Mas Qin Gang, sem refrear o discurso, perguntou porque é que os EUA se mostram tão descontentes com a possibilidade de Pequim entregar armas à Rússia no contexto da guerra na Ucrânia quando se posicionam ao lado dos independentistas de Taiwan (ver links em baixo nesta página) e lhes fornecem armas de forma ilimitada?

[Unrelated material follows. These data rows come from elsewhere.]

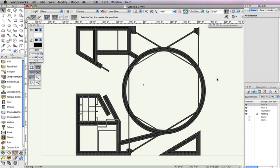Now that we have all our walls in place, it's time to create the roof for our building. As we've done with the other floors, we need to create a separate design layer for the roof. Instead of going to Tools, Organization, and clicking the Design Layers tab, we'll use the shortcut found in the View bar to the left of the Active Layer drop-down menu.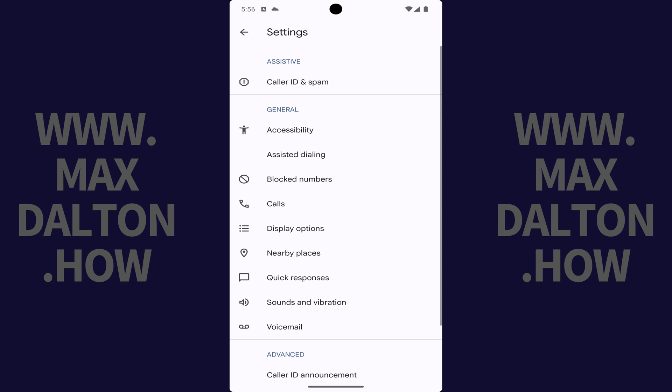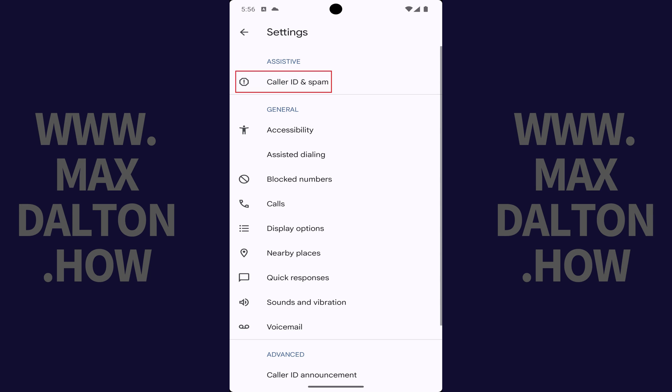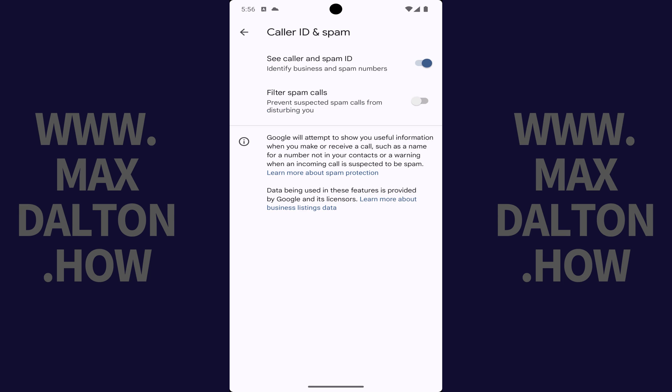Step 3: Find the Assistive section and then tap Caller ID and Spam in this section. The Caller ID and Spam screen is shown.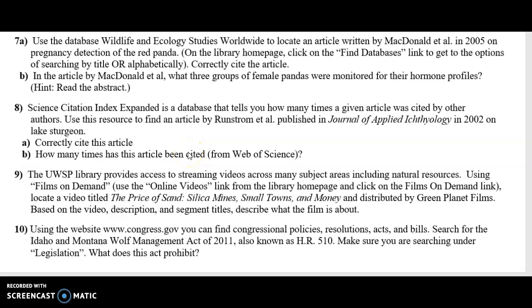Hi everyone. This short video will show you how to find information to answer question number seven on your NRES 151 library exercise practice form.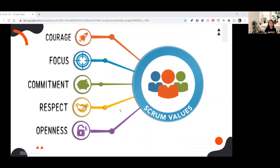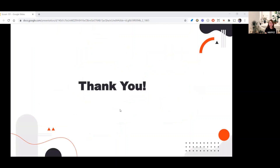So those are the five Scrum values: courage, focus, commitment, respect, and openness. That's all for lesson one. Thank you everyone for watching — hope to see you in my next video. Bye-bye!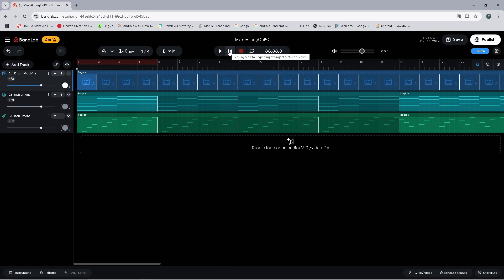Now because the tempo changes the speed the beat is played at, you won't see any changes to the ruler or to your tracks.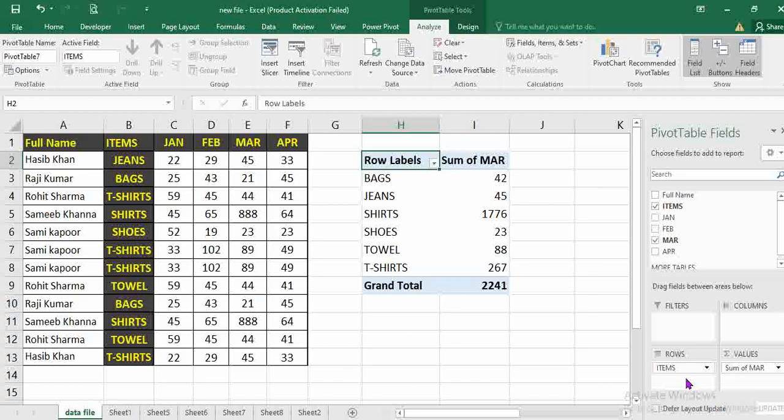All the numbers will fall in value section here. And in the row or column, you can make it according to you. Some you can put in the filter as well.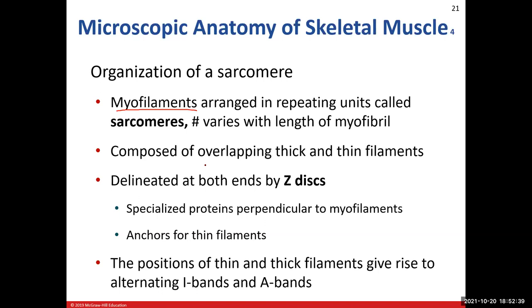On one end of a sarcomere is a Z-disc, and on the other end is another Z-disc — that's how we determine where one sarcomere begins and the next ends. The Z-disc is where we anchor our thin filaments. The striations seen in skeletal and cardiac muscle result from overlap patterns between thick and thin filaments. Darker striated areas show more overlap; lighter areas show less overlap. We have I-bands and A-bands.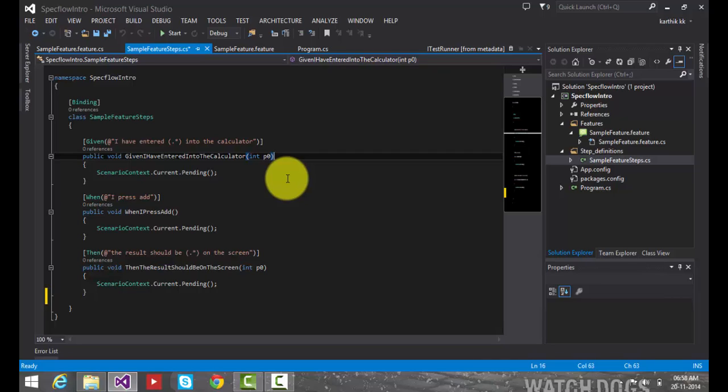So this part has detailed you how the features are mapped with your step definition files, what is code behind files and how things work. So the next part we'll start a new scenario and then we'll see how to write an actual working code. Thank you very much for watching. Have a great day.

Porque é que se posicionam tão fortemente pela soberania da Ucrânia e não respeitam a soberania de Pequim sobre Taiwan?

Sempre com a questão de Taiwan em pano de fundo, com a China a ter, em dois momentos distintos, nos últimos dois meses, reafirmado a inevitabilidade de reintegração total da ilha na China Popular, sem afastar a possibilidade de isso ser feito pela via armada, e com Washington a manter a postura afirmativa da sua "aliança" com Taipé, começa a ser mais claro que nunca o surgimento de dois blocos opostos na disputa de uma nova ordem mundial, baseada em regras, como actualmente, assente na ONU, FMI e Banco Mundial, de acordo com os ditames ocidentais, e uma nova ordem, alicerçada na cooperação entre iguais e multipolar, como preconizam Pequim, Moscovo e um alargado número de países do denominado Sul Global, ao qual a Índia mostra cada vez mais proximidade, como ficou claro no discurso do seu primeiro-ministro, Narendra Modi, na último reunião do G20, em Nova Deli, onde desferiu um ruidoso golpe na hegemonia global norte-americana.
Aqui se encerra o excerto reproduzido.